細い指のどこに、こんな力があるのかと思えるほど、強く俺の腕を掴む。
「い、いけません! 私なんかのために、あなた様の身まで危険に晒すなど‼」
「もう決めたことだ。邪祓いという危険に、ビアンカだけを関わらせるわけにはいかない。それに家族の一大事に、夫であり父親である俺が動かない理由がない」
家族を守れなくて、国が守れるかってーの!
「でもあなた様は、エクペリオン王国の主です! そしてビアンカは国の希望。こんなことで失われてはならないのです! この機会に正直に申し上げますが……私は、ビアンカが狭間の獣を祓うことに納得していません! やはり、安全かつ確実な方法をとるべきかと……」
「言ったはずだ。俺の幸せの中には、お前がいないと駄目だと」
リュミエールが、ハッと息を飲んで俯いた。髪の毛の隙間から見える耳の先が、ほんのり赤くなっている。「しかし……」と絞り出すように呟く彼女の手を、強く握りしめた。
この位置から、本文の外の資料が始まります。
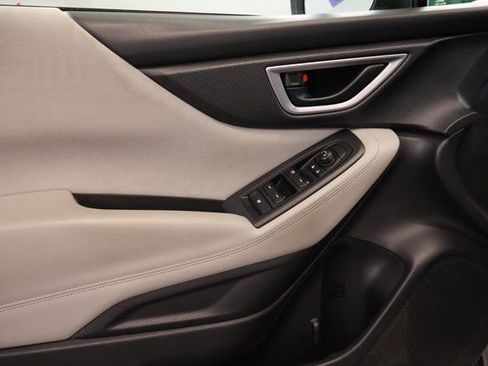 Used 2022 Subaru Forester Base image 9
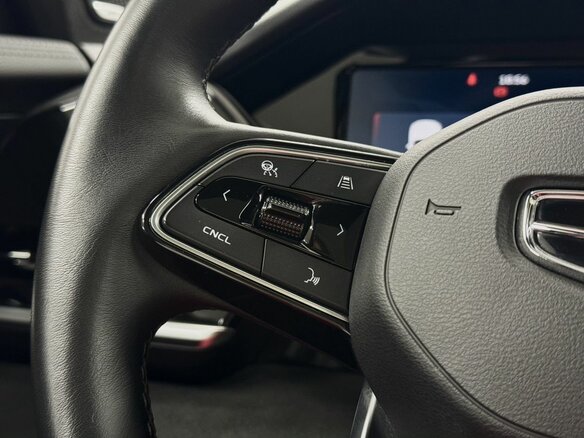 2024 Geely Monjaro I, серый, 3435000 рублей - вид 20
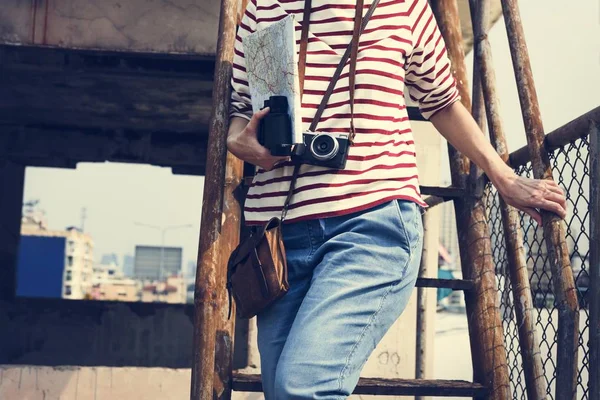 Mujer viajero con cámara fotográfica —  Fotos de Stock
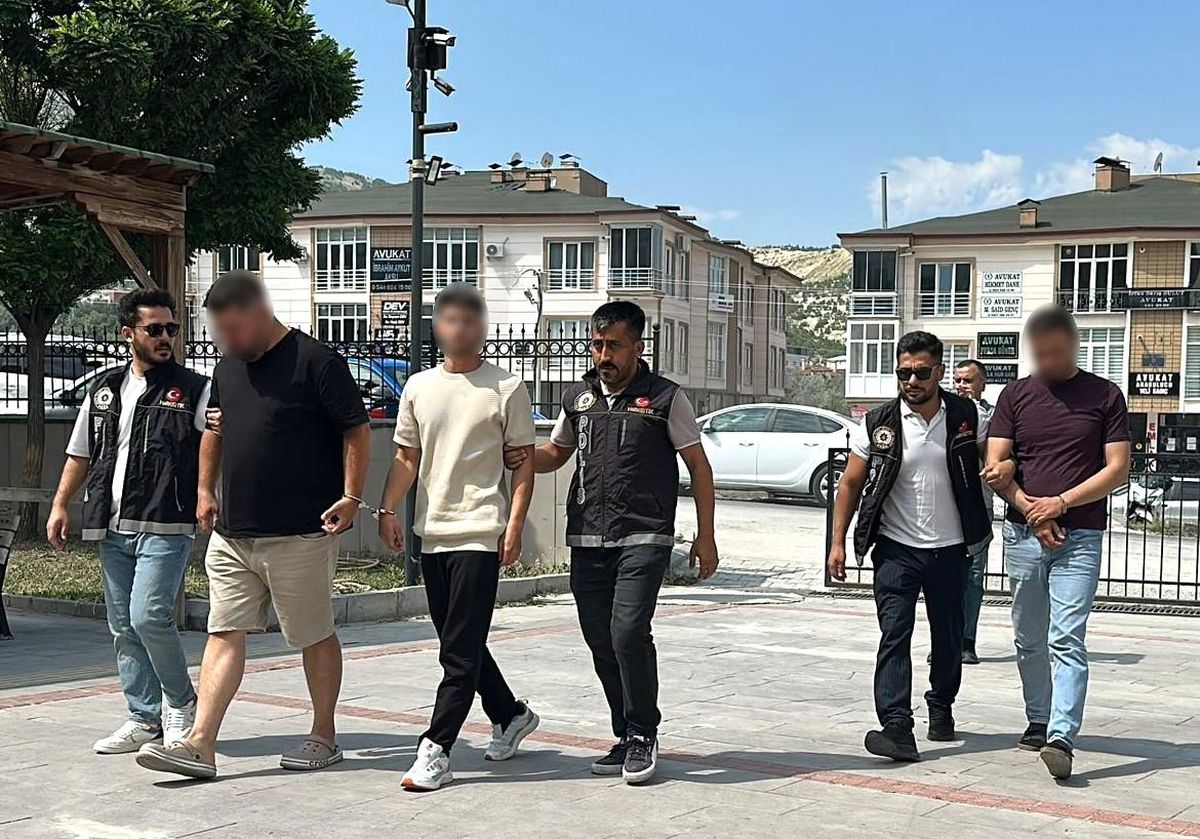 Uyuşturucu kullanmaktan öğretmenlikten ihraç edilen şahıs bu kez uyuşturucu ticaretinden tutuklandı
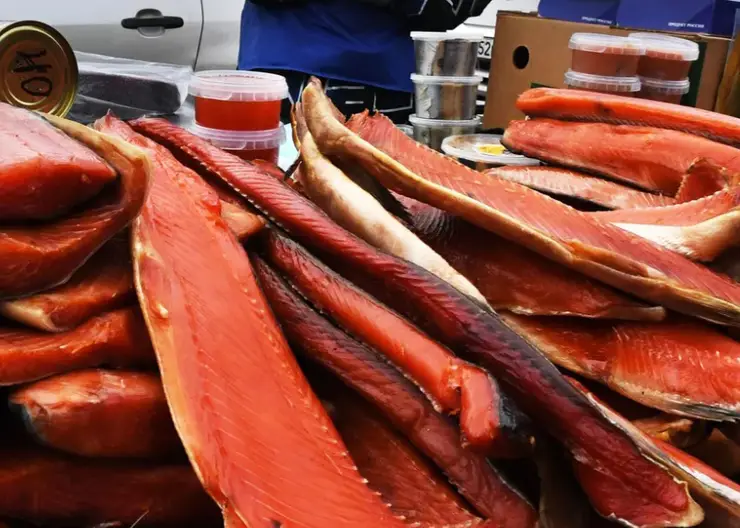 В Красноярске в торговой сети продавали кету с паразитами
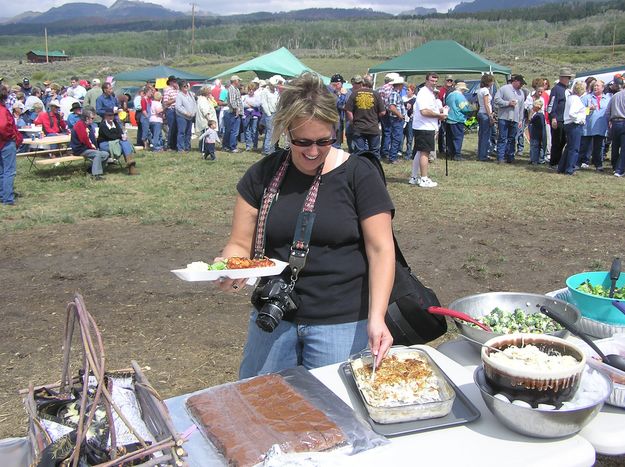 Pam grabs a bite. Photo by Bob Rule, KPIN 101.1 FM Radio.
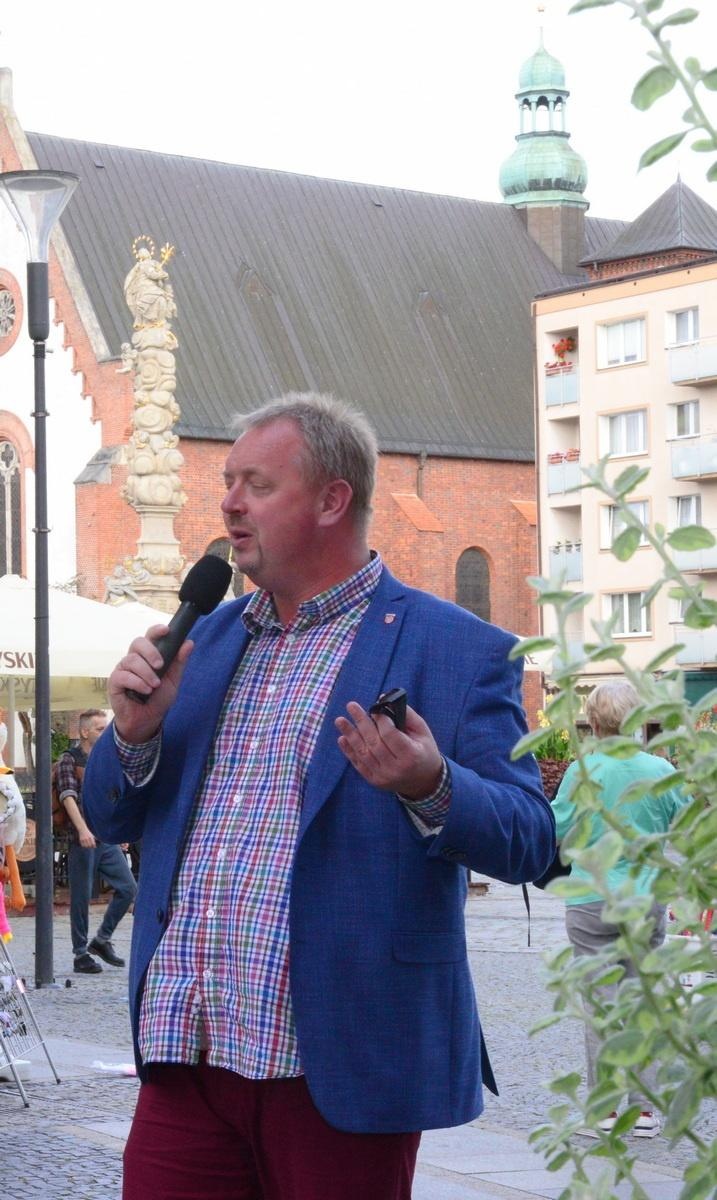 Zdjęcie w galerii na portalu naszraciborz.pl: Muzeum otwiera wystawę, wiceprezydent zdradza, co zastąpi na Rynku lodowisko wiadomości z regionu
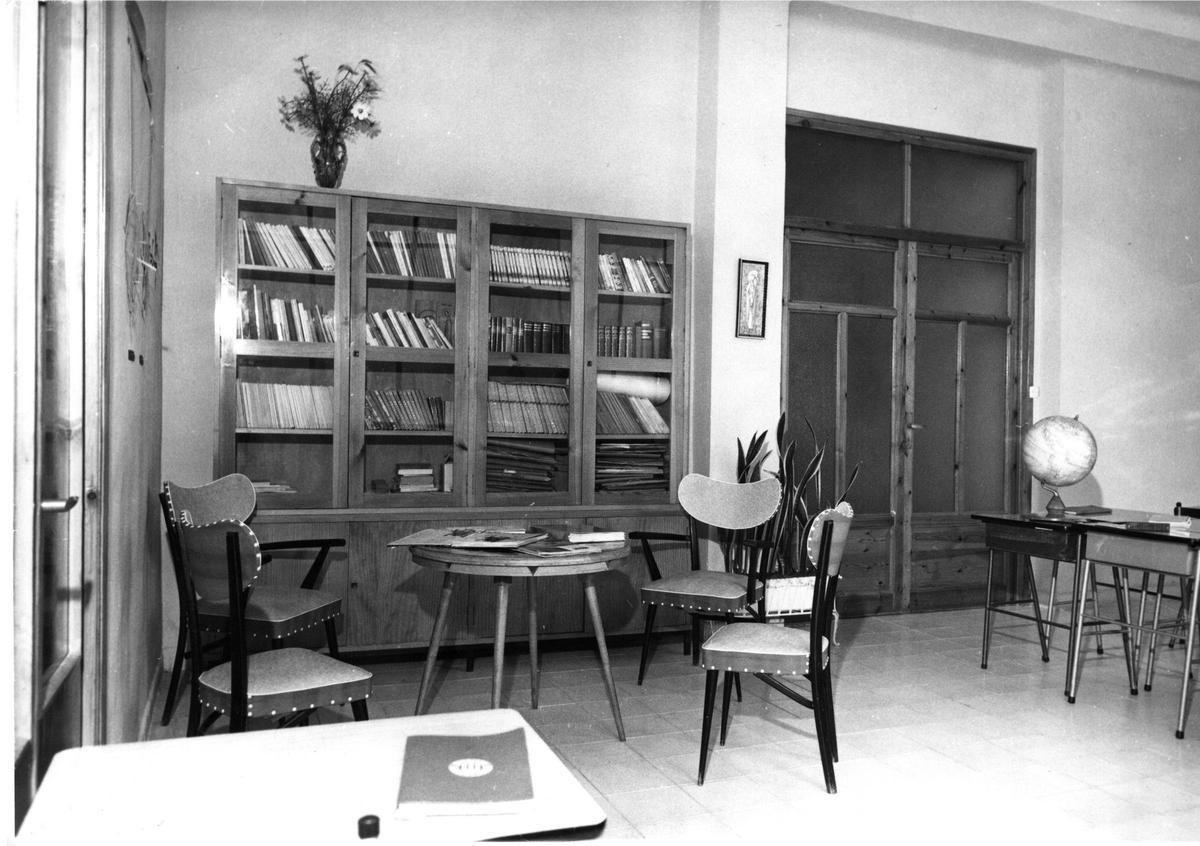 Un aula del colegio de las Trinitarias de Málaga en una imagen antigua.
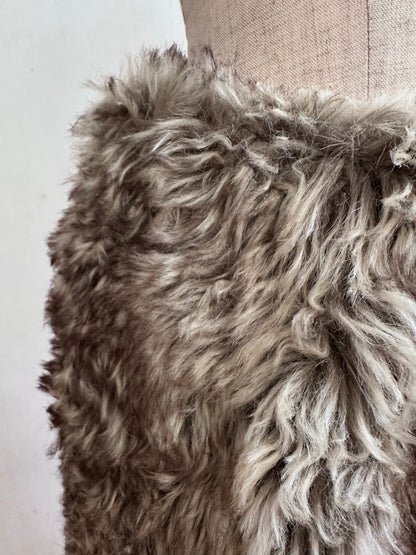 old fur short pants / wolf greige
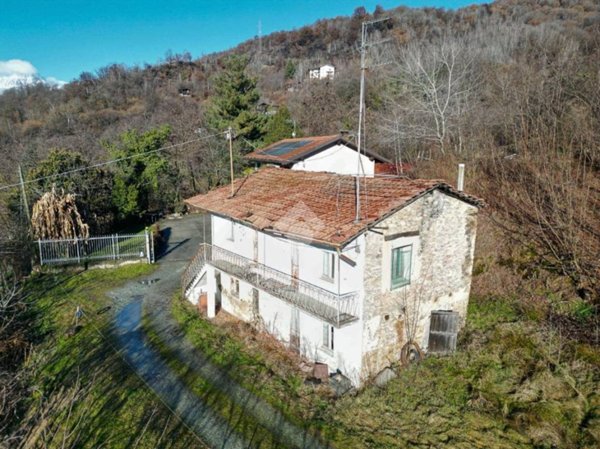 casa indipendente in vendita a Revello in zona Morra San Martino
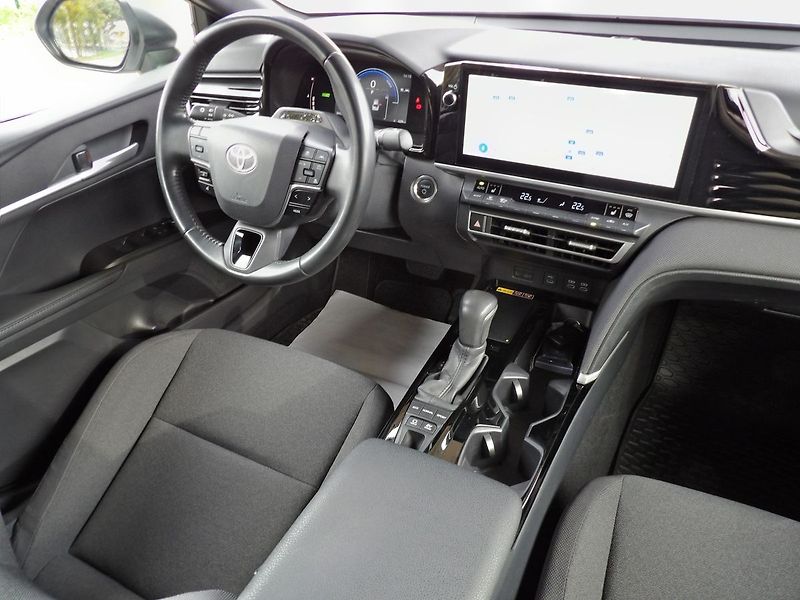 Toyota Camry 2.5 Hybrid Comfort ČR DPH - fotka 19 z 27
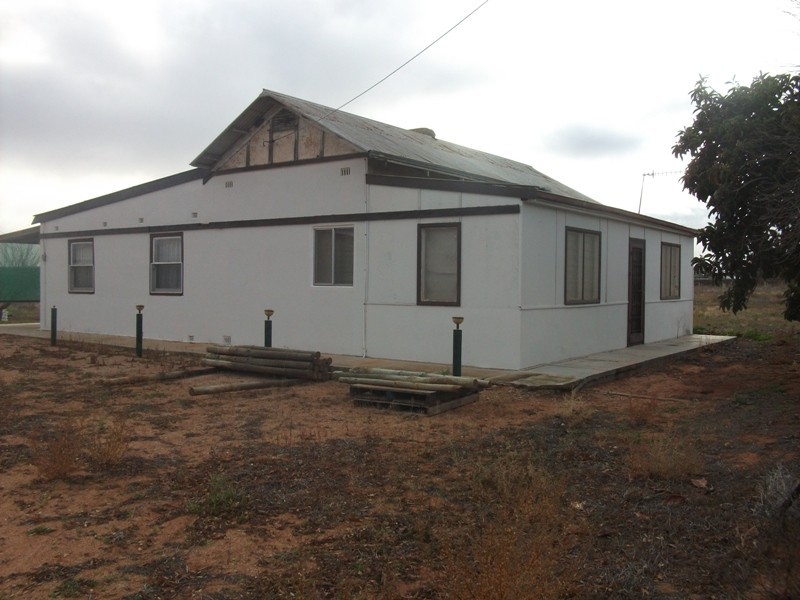 218 West Road, Glossop SA 5344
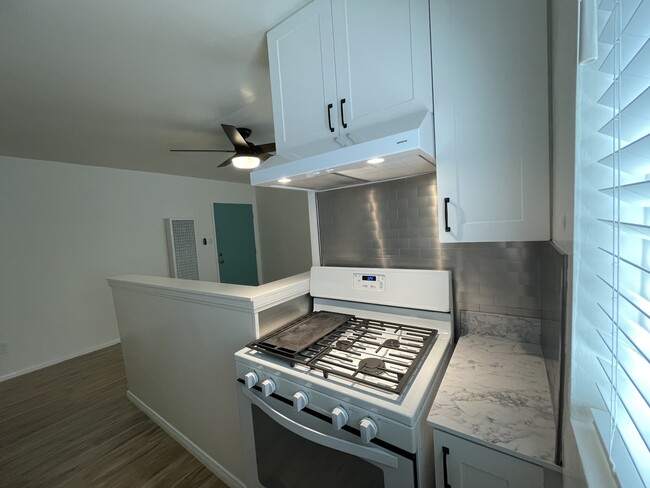 Kitchen - 350 N Ave 53 Ave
「誰の優先順位が高いとか関係ない。誰一人欠けてはいけないんだ」
そう。
俺たちは、家族なのだから――
「皆で、幸せを掴むんだ。そのための危険なら、俺はいくらでも引き受ける」
きっと、記憶にない繰り返された世界の中でも、俺は同じ選択をしたはず。いや、チート能力がなくとも、俺の決意は変わらない。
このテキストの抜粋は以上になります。